● **Directions**:
Exactly as written, write out the lines below from the first to the one containing "Pinky Glacier Beaded Fringe Earrings", inclusive. Pictures do not belong in the copy.

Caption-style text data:
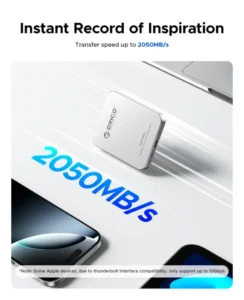 ORICO K20Mini Magnetic External SSD for iPhone 16 15 Pro/Max ProRes 2000MB/s 4K ProRes HDR Record and Store Portable Solid State 5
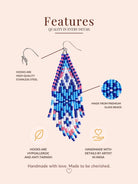Pinky Glacier Beaded Fringe Earrings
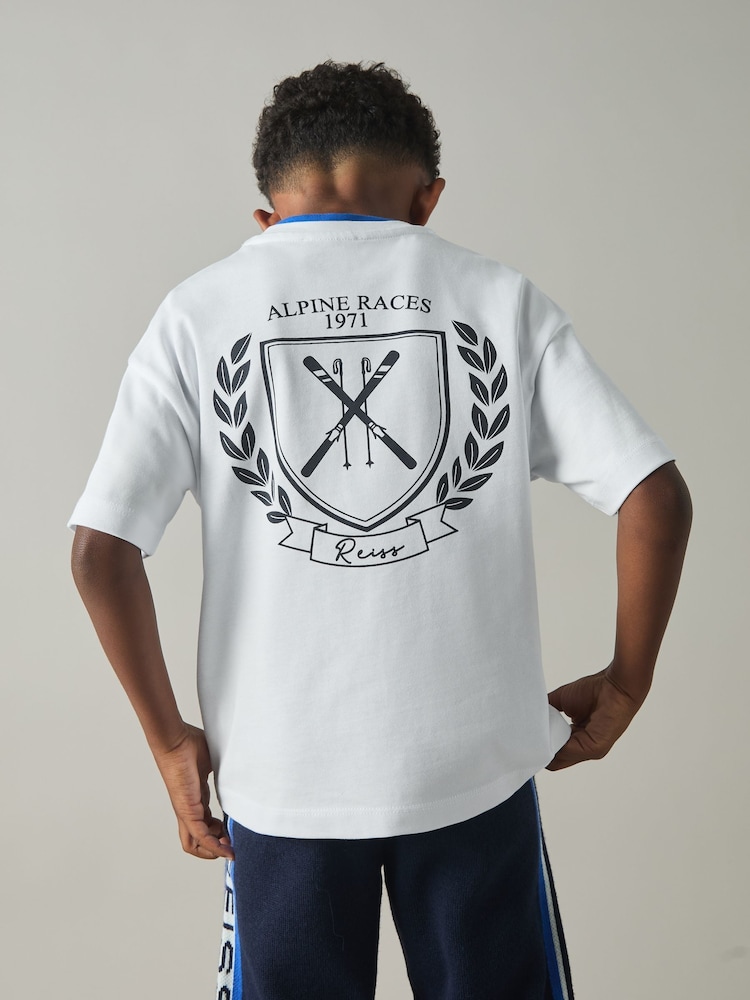 Reiss White Alsom Cotton-Jersey Alpine Races-Print T-Shirt - Image 1 of 4 Reiss White Alsom Cotton-Jersey Alpine Races-Print T-Shirt - Image 1 of 4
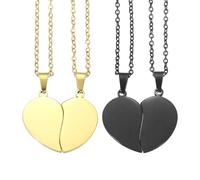 sourcing map Lot de 2 colliers avec pendentif en forme de cœur brisé - En acier inoxydable - Personnalisable - Personnalisable - Personnalisable - 2,8 cm - Doré/noir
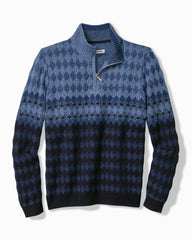 Ombré Argyle Half-Zip Sweater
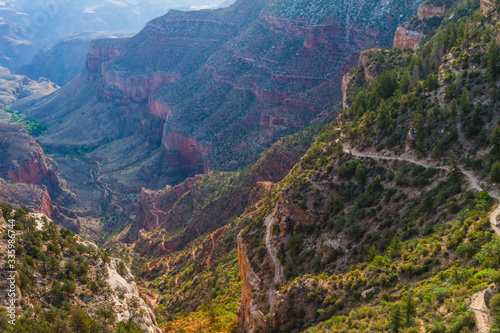 The Switchbacks Decending From The Trailhead Down The Bright Angel Trail, Grand Canyon National Park, Arizona, USA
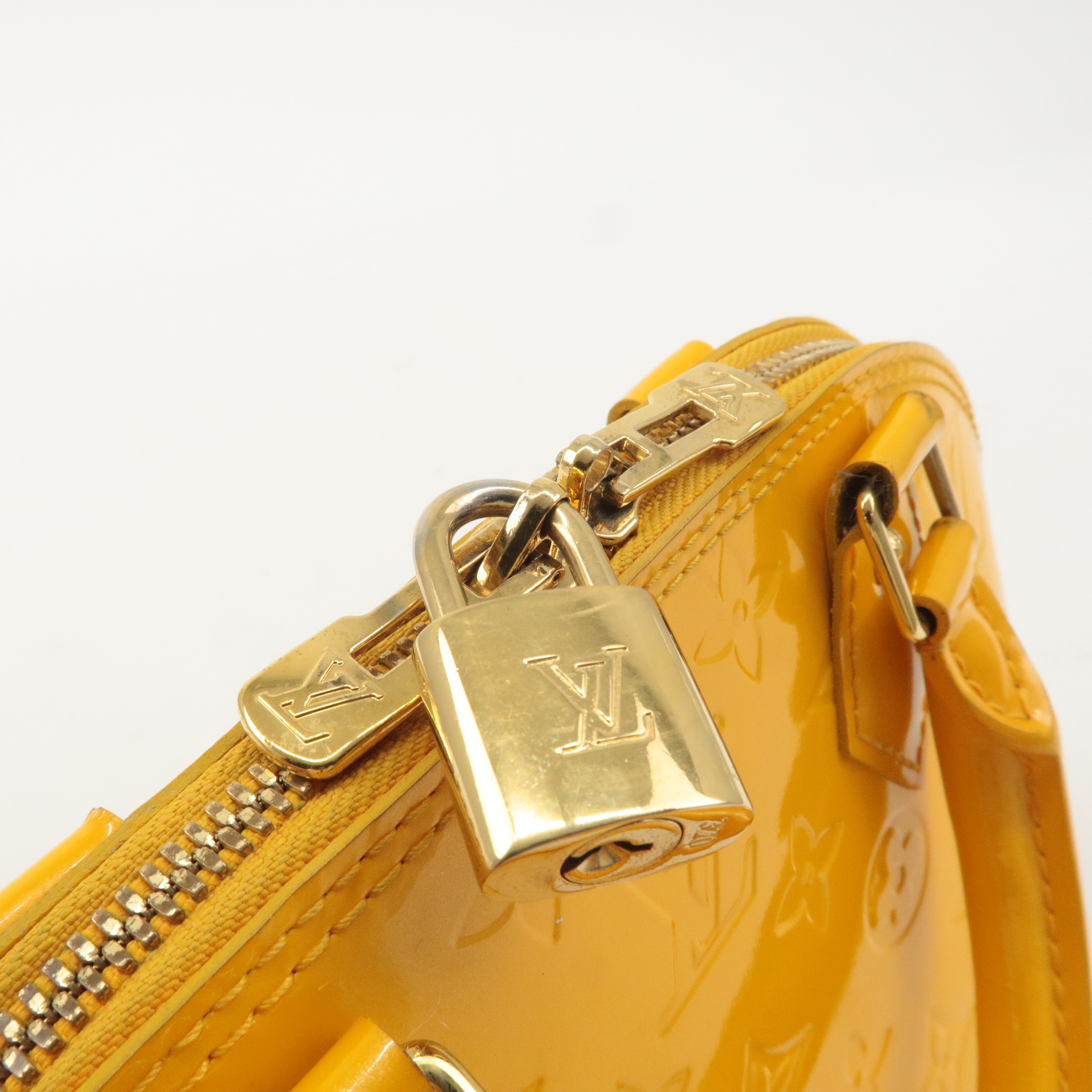 Louis Vuitton Monogram Vernis Alma BB 2Way Bag Yellow M91697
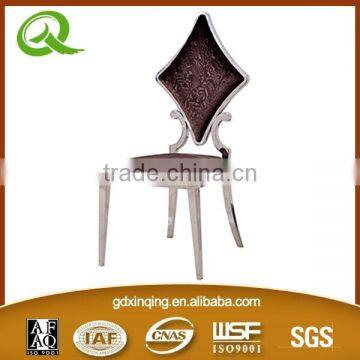 Home Furniture Crystal Button PU Leather Stainless Steel Dining Chairs photo-4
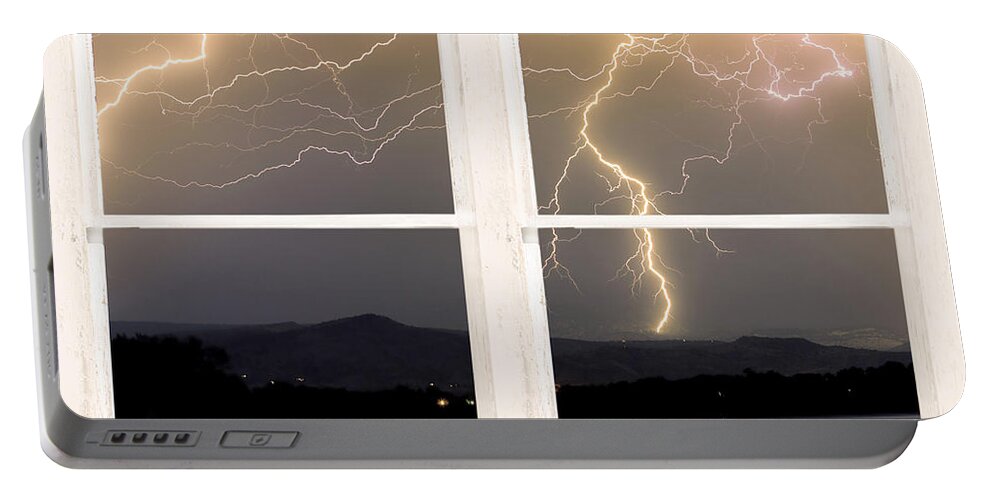 Lightning Portable Battery Charger featuring the photograph Stormy Night Window View by James BO Insogna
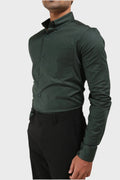 BOTTLE GREEN SATIN SLUB SLIM FIT SHIRT - XKIND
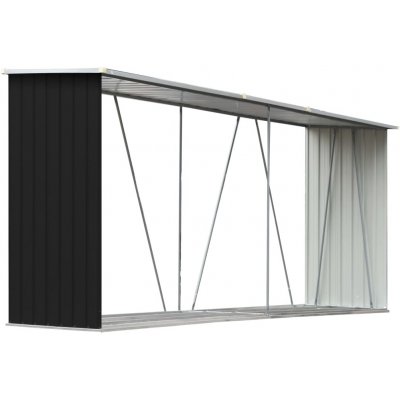 vidaXL Zahradní kůlna na dříví pozinkovaná ocel 330x84x152 cm antracit – Zbozi.Blesk.cz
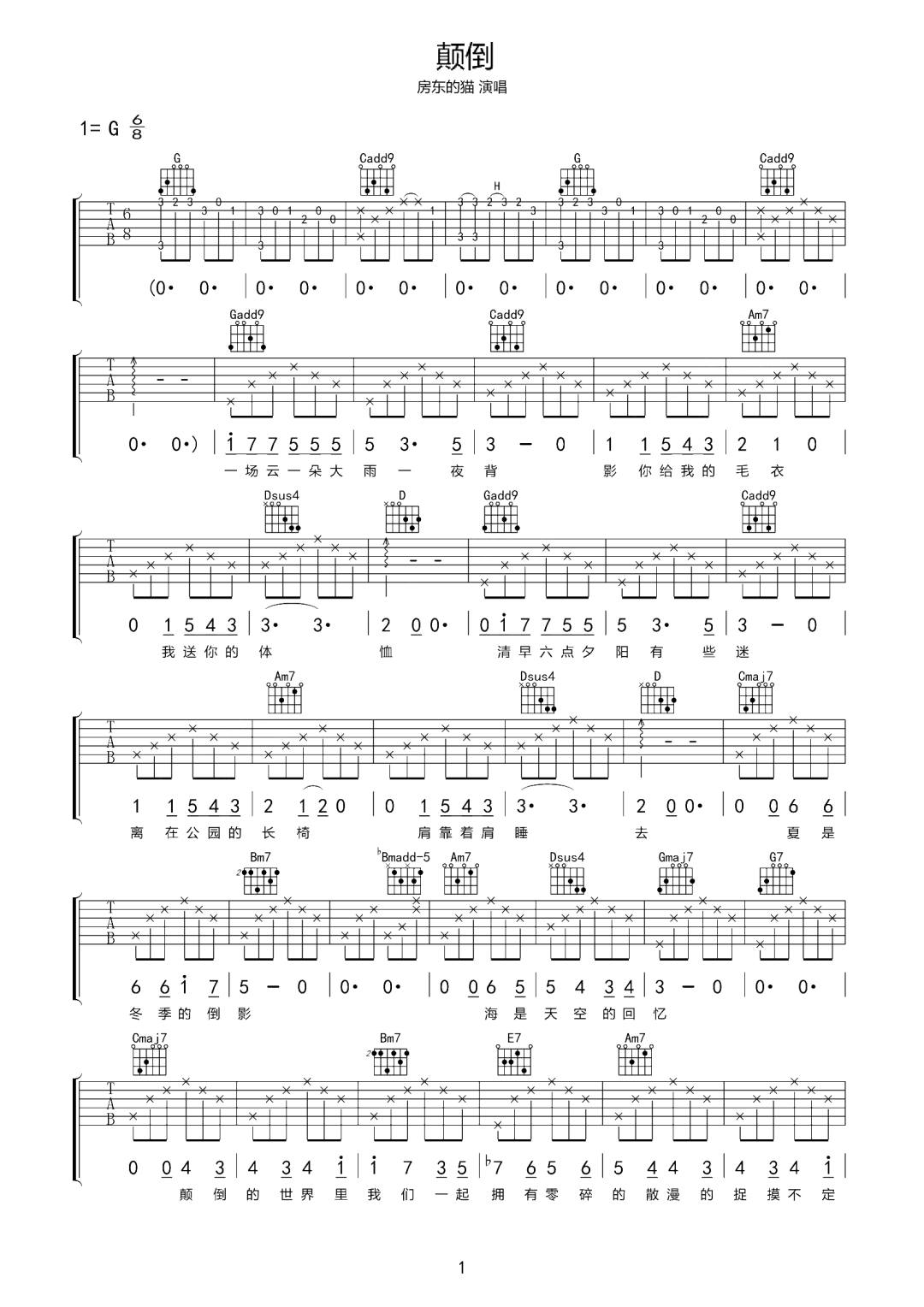 颠倒吉他谱预览图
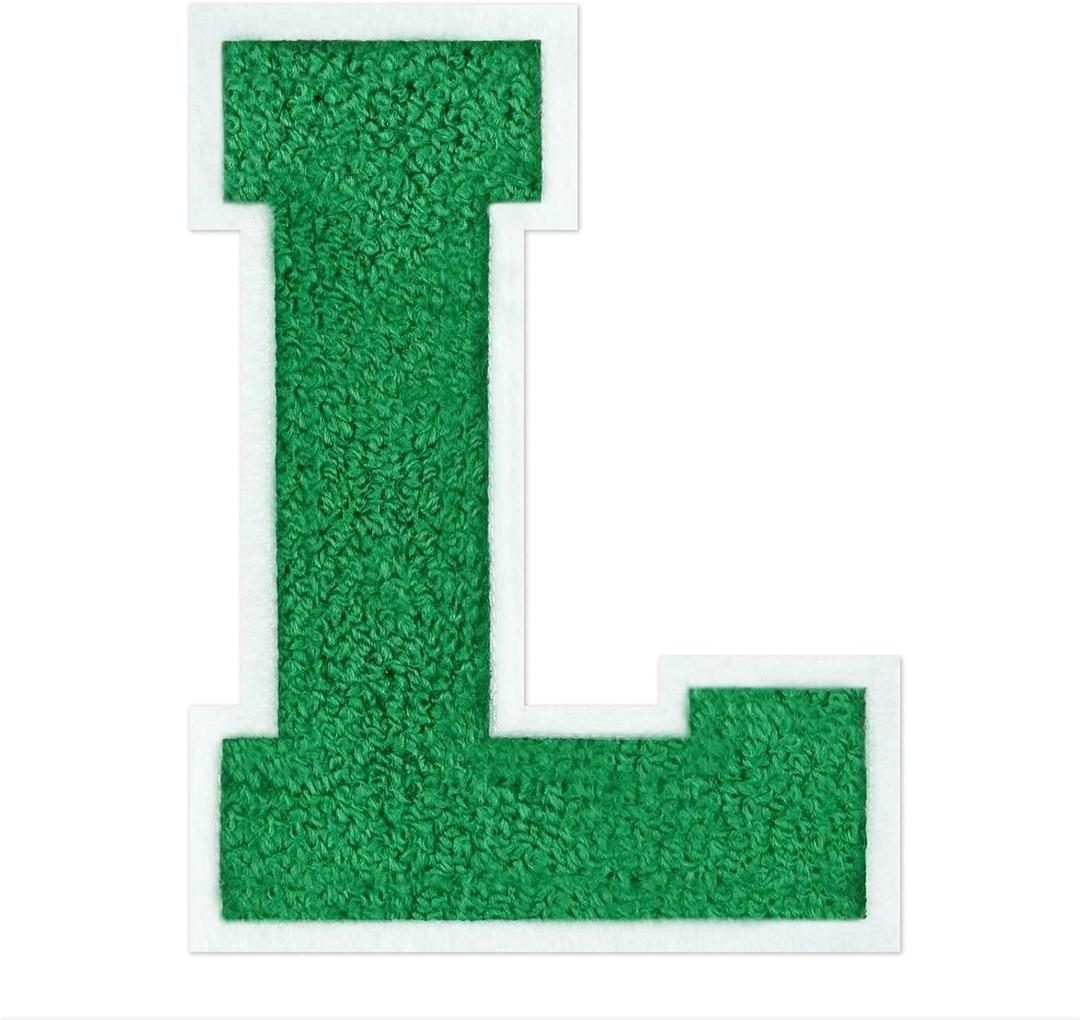 2 x 6-1/2" Varsity Letter Patches Green Iron On Letters Letterman Jacket Patches Chenille Large Iron On Letters for Clothing Jacket/Hoodie/Varsity L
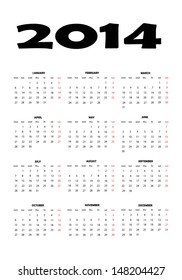 Calendar 2014 in english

● **Task output**:
 ORICO K20Mini Magnetic External SSD for iPhone 16 15 Pro/Max ProRes 2000MB/s 4K ProRes HDR Record and Store Portable Solid State 5
Pinky Glacier Beaded Fringe Earrings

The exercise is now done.